First up the DII. This is the machine which created the myth. Not overly fast or maneuverable  just fast enough to be a bit faster than the opposition, and mounting for the first time a pair of fixed MGs, the DII cut a swathe through the RFC and French Air-force. Almost all the great Aces cut their teeth on this plane, and bothe Boelke and Immelman died in them. This is my DII, in Austrian colours (something which will be a bit of a repeated theme)

Next is the DIII. This took the already nicely streamlined DII and developed it, with a better engine. The designers had also seen the Nieuport 11 with its sesquiplane layout, where the bottom wing was thinner and staggered a little back, which improved agility and visibility, so they copied that on the new DIII. This gave the struts a new V shape, and resulted in the British knick-naming them "V Strutters". The problem was they had not factored in the reduction in strength this also involved, and DIIIs inherited the N11s problems of breaking up if they dived too fast or suffered damage. Nevertheless the DIIIs were superior to just about anything the Entente could field, with the possible exception of the Sopwith Triplanes of the RNAS , and it is the DIII that created "Bloody April".

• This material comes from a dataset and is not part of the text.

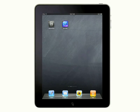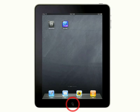Note that although there are four applications by default in the dock, the dock can actually hold up to six applications. To stop customizing, press the Home button and the apps will stop wiggling.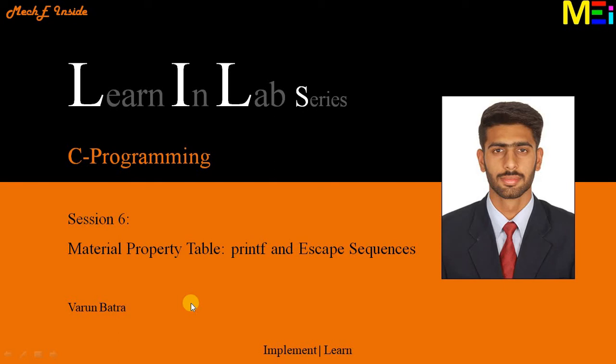Hi everyone, welcome to the Learn in Lab series of C programming. I am Varun and today we would like to discuss the formatted function available for console output operation followed by discussing the escape sequences available in C language.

Showing off its gimbal mount - basically a ring magnet and a ball bearing which together allow the plane to be posed banking and climbing - and very neat they are too

DII and DIII showing changes to wing shapes

and strut design

The DV was the last of the Albatros D types to see service, and like a TV series that has been let run a bit farther than it should, it was a bit of a disappointment. The designers tried to streamline the DIII more, and mounted a bigger engine, but the extra weight involved made the DV only incrementally better than the DIII, and it also inherited the problem with the fragile lower wing. It proved not good enough when the Entente introduced their new generation of fast fighters like the Spad XIII and SE5A and suffered accordingly. In the game the DV was in the initial Deluxe Set and was pretty much mister average. It was faster than the Fokker Dr1 but slower than the Spad, more maneuverable than the Spad XIII but not as good as the Camel. When it was first released I tended to play Entente anyway so I stuck with the Camel, but I played it a bit since and it is OK, but nothing special.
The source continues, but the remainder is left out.